Dogs in Cars
We are often asked about the legal requirement when traveling with your dog in your car.
The very short answer is that there isn't one but there are lots of implications and possible problems which could occur if this is not done sensibly.
The Highway code states that 'Dogs or other animals should be suitably restrained so as not to distract the driver or injure the driver or themselves in the event that you have to stop quickly' however there is no law at present that makes traveling with your dog unrestrained illegal.
I think however that we should consider the practical problems with having your dog loose in the car.
Firstly, should you have an accident or be forced to stop very quickly you could have maybe 30+ Kilos of dog hurtling forward towards the drivers head, which could very likely cause the driver or animal very serious injury or worse.
Secondly if the dog is free to roam inside the car it is likely to be distracting and a police officer could consider that you were driving without due care.
Thirdly you may find that in the event of an accident your insurance company may consider that you could have been distracted by your animal and invalidate your insurance leaving you liable for your repairs and those of the third party.
Also in the event of an accident an unrestrained animal could escape from the car and a loose dog in the road would compound an already difficult situation!

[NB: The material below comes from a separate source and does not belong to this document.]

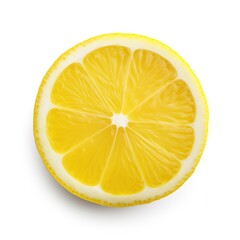 A single piece of lemon isolated on white background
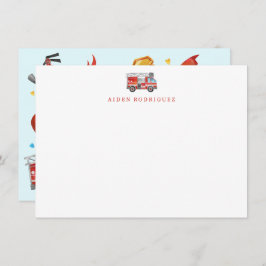 Brandweerwagen Stationery - Fire Man Dank u Opmerk Notitiekaartje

I think that dog owners tend to opt for an estate type car or at least a hatchback and these make containing the animal much easier. Probably the best way is to buy and fit a crate for the cargo area with a door at the rear to allow entry for the dog, these are available from a number of manufacturers and are often specific for the make and model of vehicle. This might be a problem as they are not inexpensive and if you buy a new car of a different model then it may not be transferable. There are however 'universal' crates available. One big advantage of the crate is that you can leave the rear door open, for instance in hot weather, and the dog cannot get out, they do however restrict access to the cargo area for shopping etc.
There are also nets and fixed guards available for estates and hatchbacks which fit behind the rear seats and would stop a dog flying over the seat in an accident, these are less expensive and are usually more easily transferred between different makes and models.
If you have a saloon car then the dog has to be in the passenger part of the car with you and it is illegal to have it travel in the front. In this case the dog should be fitted with a restraint. These are simple and cheap, there are basically two forms, one clips to the collar and into the seatbelt fitting or the better type are in the form of a harness which also clips into the seat belt buckle. In both cases they should be fitted to the passenger side of the rear seat so that if the dog does come forward it will not hit the driver.
Another very important safety point is teach your dog to stay sitting in the car until you tell it to jump out. The natural action of the dog is to jump out as soon as the door is opened because something exciting might be happening, this could be dangerous if there is other traffic around and it is best to make it the normal thing to wait until it is told to get out.